[Stored items]
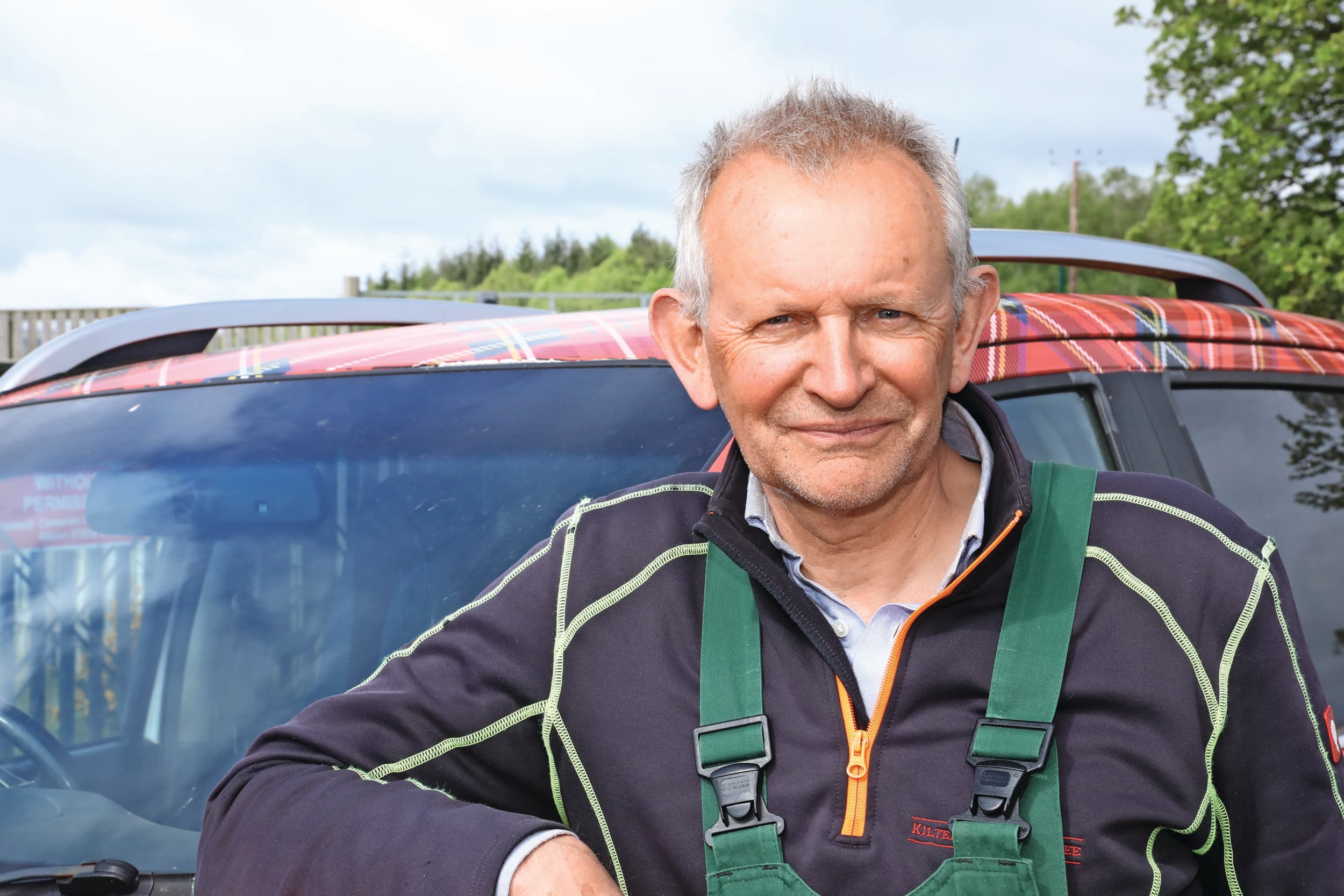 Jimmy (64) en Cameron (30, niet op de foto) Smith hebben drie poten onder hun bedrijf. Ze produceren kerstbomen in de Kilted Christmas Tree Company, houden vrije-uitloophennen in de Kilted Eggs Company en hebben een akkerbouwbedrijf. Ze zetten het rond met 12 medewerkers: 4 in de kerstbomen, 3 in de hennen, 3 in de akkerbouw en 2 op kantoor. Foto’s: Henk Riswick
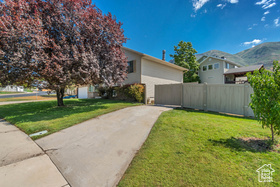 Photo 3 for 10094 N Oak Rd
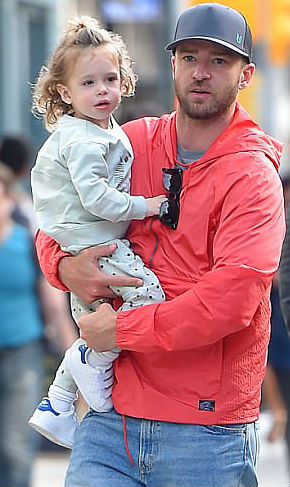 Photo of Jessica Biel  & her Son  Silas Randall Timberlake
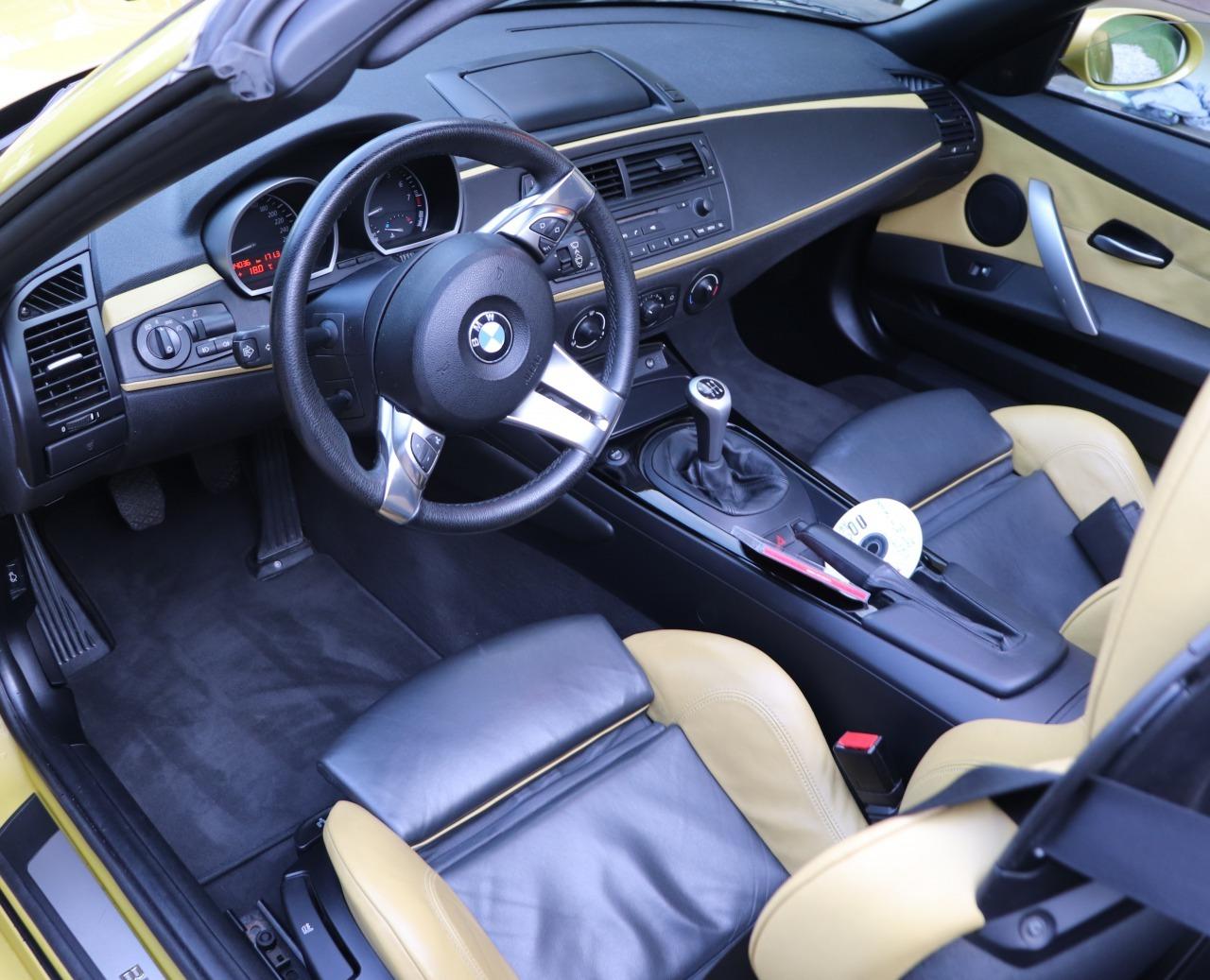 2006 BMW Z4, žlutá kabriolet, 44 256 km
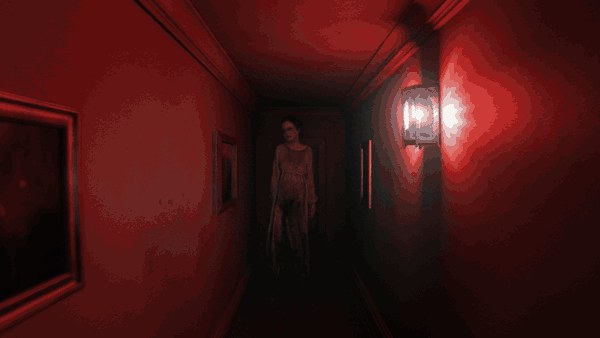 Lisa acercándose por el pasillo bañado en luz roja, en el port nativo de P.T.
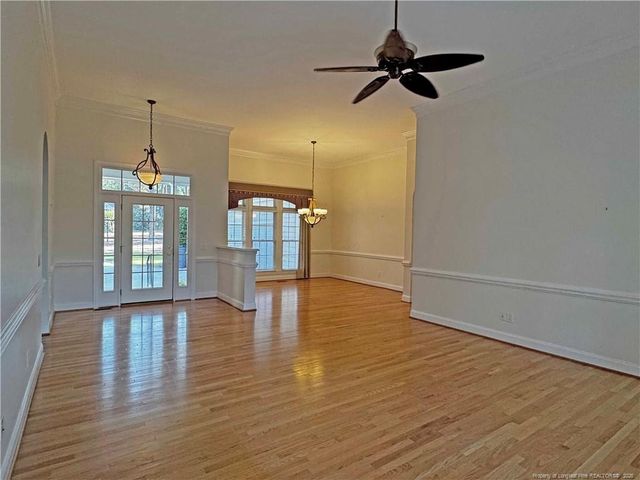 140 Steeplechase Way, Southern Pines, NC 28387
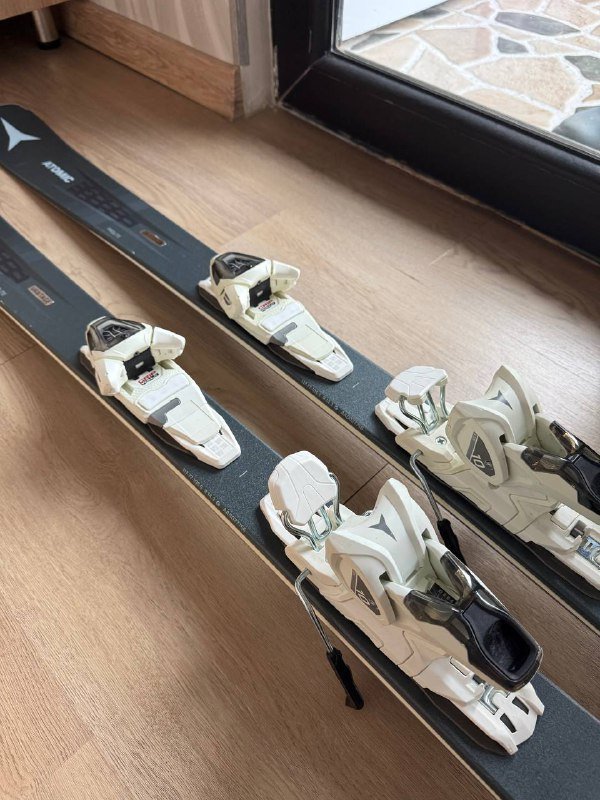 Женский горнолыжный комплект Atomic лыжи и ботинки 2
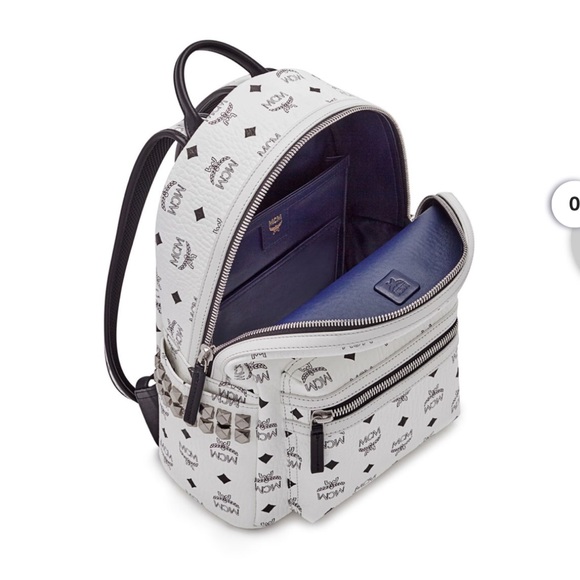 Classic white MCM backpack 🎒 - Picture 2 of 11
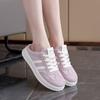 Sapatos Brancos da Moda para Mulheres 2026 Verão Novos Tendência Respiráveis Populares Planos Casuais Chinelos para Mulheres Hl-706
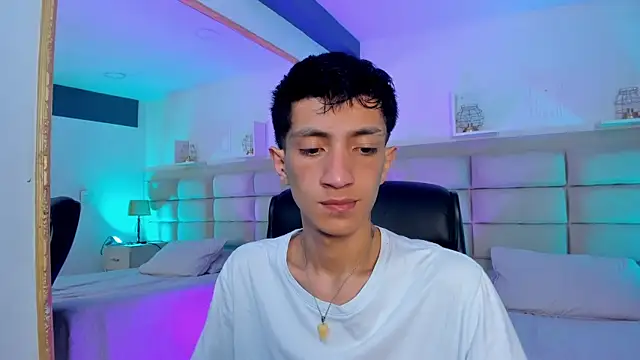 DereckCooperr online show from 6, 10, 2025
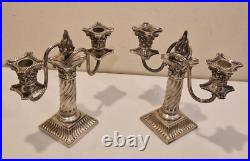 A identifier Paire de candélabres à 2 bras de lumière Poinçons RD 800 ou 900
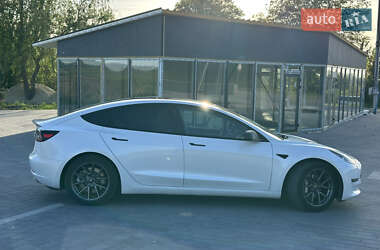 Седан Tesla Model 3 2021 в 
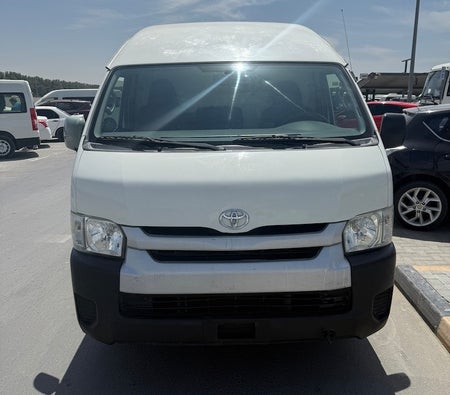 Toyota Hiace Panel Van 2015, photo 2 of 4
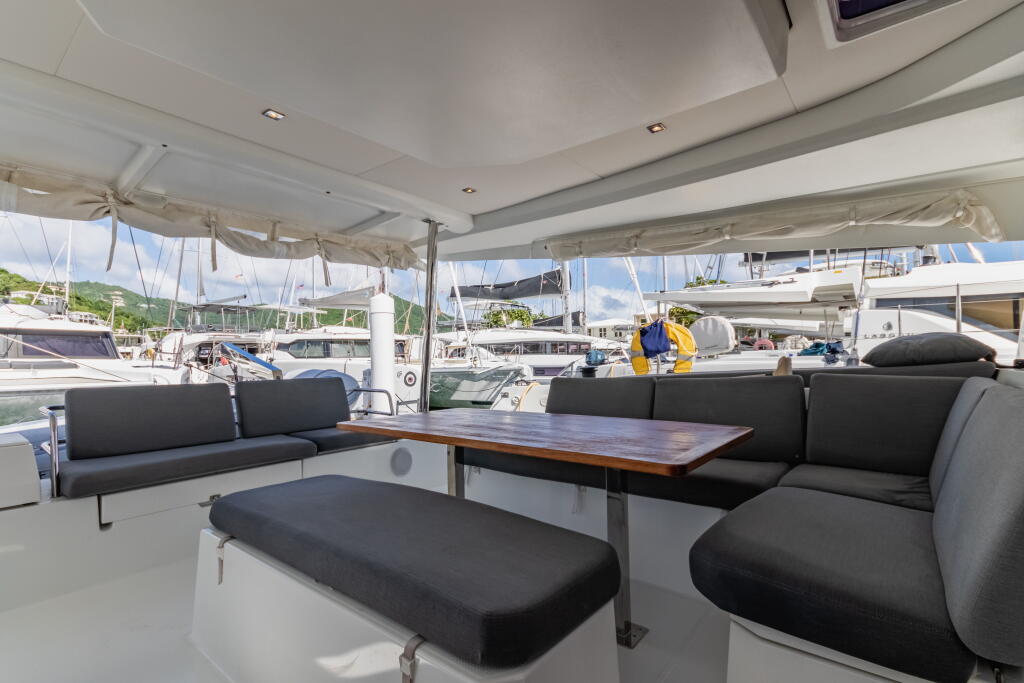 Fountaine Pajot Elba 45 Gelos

-- What is required --
Retyped exactly, the lines from the one holding "Photo 3 for 10094 N Oak Rd" through the last line of the data above are the whole answer. Pictures stay out.

-- Final answer --
 Photo 3 for 10094 N Oak Rd
 Photo of Jessica Biel  & her Son  Silas Randall Timberlake
 2006 BMW Z4, žlutá kabriolet, 44 256 km
 Lisa acercándose por el pasillo bañado en luz roja, en el port nativo de P.T.
 140 Steeplechase Way, Southern Pines, NC 28387
 Женский горнолыжный комплект Atomic лыжи и ботинки 2
 Classic white MCM backpack 🎒 - Picture 2 of 11
 Sapatos Brancos da Moda para Mulheres 2026 Verão Novos Tendência Respiráveis Populares Planos Casuais Chinelos para Mulheres Hl-706
 DereckCooperr online show from 6, 10, 2025
 A identifier Paire de candélabres à 2 bras de lumière Poinçons RD 800 ou 900
 Седан Tesla Model 3 2021 в 
 Toyota Hiace Panel Van 2015, photo 2 of 4
 Fountaine Pajot Elba 45 Gelos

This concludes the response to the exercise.